Gerçektende günlük konuştuğumuz dile baktığımızda görüyoruz ki, farkında olmadan dilimize ait olmayan kelimeler kullanmaktayız. Kullanırken bunların bazılarını değiştiriyoruz, bazılarını ise değiştirme-uyarlama gereği bile duymadan olduğu gibi kullanıyoruz. Bu durum sonucunda da anadilimizin yapısı bozulmakta ve dilimiz gitgide orijinalliğini kaybetmektedir.

2.2.8. Çok Coğrafya Değiştirmek

Türkler, Orta Asya’dan çıkarak Anadolu’ya gelinceye kadarki uzun yürüyüşte İslamla temasta bulunmuş, bu dini ve buna bağlı medeniyeti benimsemişlerdir. O zamana kadar daha çok büyük Avrasya coğrafyasının Türkistan, Sibirya, Altaylar, Çin ve Hint topraklarında ve sınırlarında yaşamış ve kültürel alışverişlerle uğraşmış Türkler, bu zamandan itibaren Fars ve Arap dilleri ile de edebî ve kültürel ilişkiler kurarak Arap alfabesini kullanmışlardır. Böylece, yeni bir Türk uygarlığı ve Türk-İslam medeniyeti dönemi veya sentezi, XII-XIII yüzyıllarda artık ana çizgileriyle ortaya çıkmıştır. Türkçe, zamanında bir yandan Arapça ve Farsçadan çeşitli dil-kullanım unsurları alırken, öte yandan İtalyanca, Fransızca, Almanca ve İngilizceden de kelimeler almayı devam ettirmiştir. Akabinde, dil alakaları sisteminde yan katman olarak nitelendirilen dil- kullanım alışverişinde önce Fransızca, sonraları ise İngilizceyle daha yakın bir dil dışı ve dil içi teması kurulmuştur. İtalyancayla Türkçe arasındaki kelime alışverişinin temelinde ticaret ilişkileri yer almıştır.

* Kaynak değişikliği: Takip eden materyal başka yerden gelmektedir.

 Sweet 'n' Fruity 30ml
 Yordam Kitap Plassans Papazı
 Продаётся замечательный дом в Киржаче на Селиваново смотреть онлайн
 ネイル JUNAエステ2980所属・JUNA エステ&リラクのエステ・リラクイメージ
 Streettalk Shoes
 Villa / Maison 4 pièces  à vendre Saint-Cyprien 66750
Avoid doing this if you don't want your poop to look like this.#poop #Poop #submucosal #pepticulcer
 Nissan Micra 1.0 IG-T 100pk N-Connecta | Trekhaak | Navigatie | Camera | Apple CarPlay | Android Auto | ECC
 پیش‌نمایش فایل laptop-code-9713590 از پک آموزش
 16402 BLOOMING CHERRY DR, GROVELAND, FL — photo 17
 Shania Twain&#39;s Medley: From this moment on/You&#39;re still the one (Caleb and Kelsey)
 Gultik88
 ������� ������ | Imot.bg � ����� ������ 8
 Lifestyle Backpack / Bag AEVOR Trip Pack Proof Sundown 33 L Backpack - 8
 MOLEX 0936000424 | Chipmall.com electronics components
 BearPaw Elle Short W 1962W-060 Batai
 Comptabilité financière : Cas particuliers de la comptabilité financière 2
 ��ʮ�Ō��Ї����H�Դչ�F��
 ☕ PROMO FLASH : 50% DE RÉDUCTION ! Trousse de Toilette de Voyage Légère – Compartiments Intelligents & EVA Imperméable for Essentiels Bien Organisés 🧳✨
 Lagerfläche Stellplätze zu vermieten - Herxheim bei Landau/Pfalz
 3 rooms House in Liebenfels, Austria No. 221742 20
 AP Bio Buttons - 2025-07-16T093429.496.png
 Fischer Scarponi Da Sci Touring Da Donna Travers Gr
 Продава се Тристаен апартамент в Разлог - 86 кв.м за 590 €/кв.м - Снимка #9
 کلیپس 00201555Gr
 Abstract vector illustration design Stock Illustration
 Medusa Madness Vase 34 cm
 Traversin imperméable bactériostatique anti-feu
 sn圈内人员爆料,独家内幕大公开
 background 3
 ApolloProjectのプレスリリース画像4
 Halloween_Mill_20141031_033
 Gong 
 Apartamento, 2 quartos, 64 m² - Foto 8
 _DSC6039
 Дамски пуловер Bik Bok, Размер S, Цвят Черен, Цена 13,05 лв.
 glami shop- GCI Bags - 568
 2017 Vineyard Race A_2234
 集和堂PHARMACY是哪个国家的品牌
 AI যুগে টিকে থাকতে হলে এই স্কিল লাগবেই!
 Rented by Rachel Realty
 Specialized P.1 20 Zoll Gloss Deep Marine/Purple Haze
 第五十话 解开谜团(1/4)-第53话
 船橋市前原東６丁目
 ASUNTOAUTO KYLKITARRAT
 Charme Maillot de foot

Türklerin Anadolu topraklarını fethettiği zamanlarda Akdeniz, Orta Doğu ve Bizans ticareti, Venedik ve Cenevizlilerin elindeydi. Bundan dolayı, Türklerle İtalyanlar arasında önce ticaret sonraysa siyaset ve kültürel alanlarında ilişkiler gerçekleşmiştir. İtalyancadan Türkçeye çok sayıda kelime ve terim, söz konusu ilişkilerin sonucunda geçmiştir. Bunların arasında banka, banyo, baston, bira, çimento, fabrika, gazete, karyola, limonata, lira, kasa, komposto, lokanta, moda, nota, pantolon, pasta, propaganda, salata, soda, tempo, vazo, villa vb. kelimeler bulunmaktadır (Kundakçı, 1978 : 135-153).